= 1991 in motoring =

1991 in motoring includes developments in the automotive industry that occurred throughout the year 1991 by various automobile manufacturers, grouped by country. The automotive industry designs, develops, manufactures, markets, and sells motor vehicles.

==United Kingdom==
The Vauxhall Astra was redesigned with the third-generation model in October 1991, seven years after the launch of the second generation model. It was available in 1.4, 1.6, 1.8 and 2.0 petrol engines as well as a 1.7 diesel (turbo or non-turbo). The 2.0 version came with 8-valve for the 2.0i CD and 2.0 SRi, while the 16-valve version came in the 130 mph+ GSi. All models got fuel injection as standard, as Britain prepared for the legislation which outlawed the sale of carburettor-engined cars after 1992.Also, parent brand Opel adopted the Astra name for the new car in Europe, ending the use of the long-running Kadett nameplate. In November, Vauxhall launched a new, small four-wheel-drive model, the Frontera which was offered as 3-door Sport or 5-door versions with a choice of a 2.4 petrol or a 2.3 diesel engine and was manufactured at its Luton plant.

The Ford Motor Company introduced a Cosworth version of the Granada Scorpio and Escort, as well as the new generation Escort XR3i. It has also revived the RS2000 nameplate for the Escort range, with a new 2.0 16-valve Zetec model that was capable of more than 130 mph. There was also a new estate version of the Granada Scorpio which launched in early 1992.

Rover updated its 800 Series executive model in November which now had a top speed of 135 mph on the turbocharged 2.0 Vitesse model. It also dropped the MG badge from faster versions of the Maestro and Montego models, which were now largely sold as budget offerings alongside the 200 and 400, but the MG badge was brought back for sale in 1992 on a remodelled, limited-edition version of the MG B.

==France==
Peugeot launched a new entry-level model in November 1991 - the 106 - to slot into the range below the 205. With 1.1 and 1.4 petrol engines as well as a 1.5 diesel, the 106 was initially sold as only a three-door model. It was sold as a cheaper, more modern, though slightly smaller, alternative to the larger 205. Although the 205 was to continue for a few more years, the 309 would be replaced by 1993 with a new hatchback to be called the 306.

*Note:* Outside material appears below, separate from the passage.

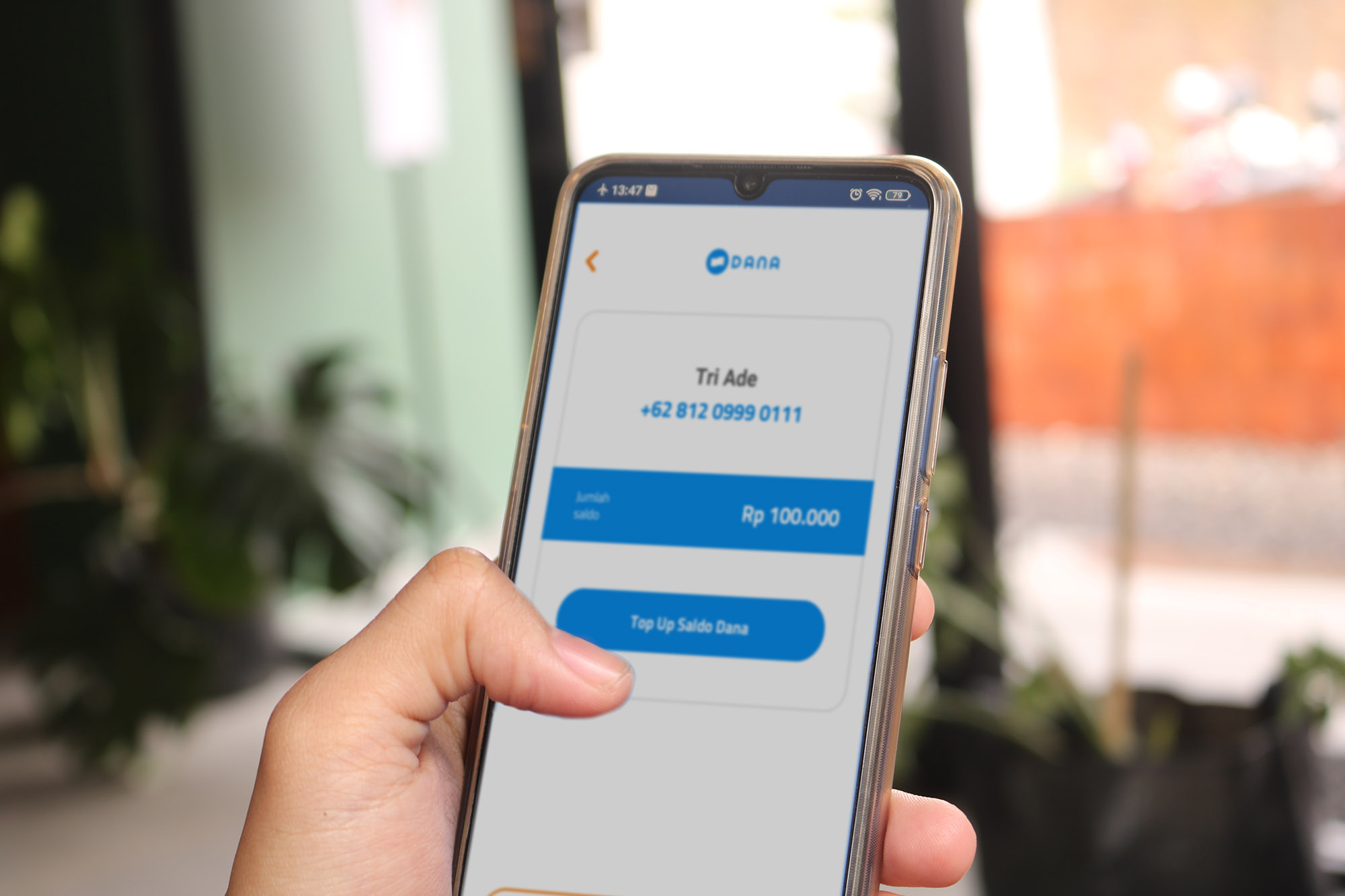 Dompet Digital, Membawa Kemudahan Transaksi di Ujung Jari Anda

Citroën reentered the small family car market with its new ZX in March, launching in the UK in May which was the first of two replacements for the slightly larger BX. It comes with 1.4, 1.6 and 2.0 petrol engines and 1.9 diesels (turbo or non-turbo).

Renault launched its new Clio supermini in the UK in March. The range was expanded with the launch of a 1.8 16-valve hot hatch that was capable of 126 mph as the successor to the discontinued R5 Turbo. The second-generation Espace people carrier launched and received a V6 engine for the first time, while there was also a minor redesign of the R19 small family hatchback and saloon.

==Italy==
Alfa Romeo gave a facelift to its 33 entry-level model, which had been on sale since 1983.

==Japan==
Nissan launched the Sunny which was available as a three-door hatchback, five-door liftback and five-door estate. The Sunny's chassis also formed the basis of the 100NX coupe. A replacement for the long-running Micra was planned for the following year, joining the Primera at the Sunderland plant.

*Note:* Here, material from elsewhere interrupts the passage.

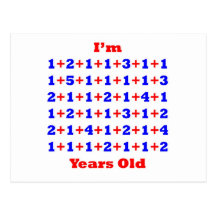70 Years old! Postcards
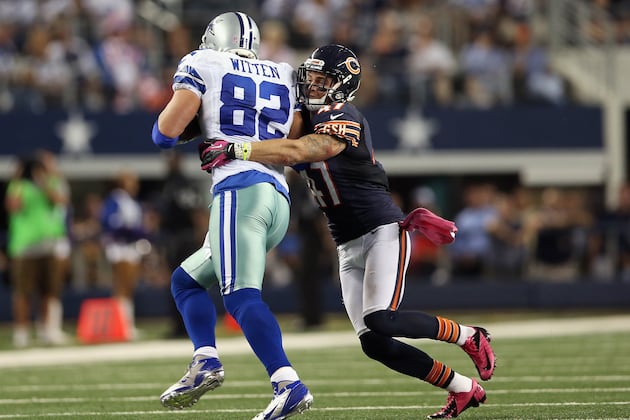 Dallas Cowboys: Top Performers of October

Honda launched a new version of its Civic family car. The new range includes a three-door hatchback and four-door saloon, and a five-door version of the Rover-based Concerto, which had been on sale for two years. Meanwhile, the current Accord was the year's best selling car in the United States.

==Germany==
Volkswagen launched the MK3 Golf in August 1991, although UK sales would not start until February 1992. The new model was voted European Car of the Year. The Golf GTI was available as only a 1.8 16-valve, which is capable of 125 mph. The Golf VR6 was launched, a 2.8 engined hatchback capable of 140 mph.

Audi redesigned its 80 and 100 ranges. A new cabriolet version of the 80 also went on sale.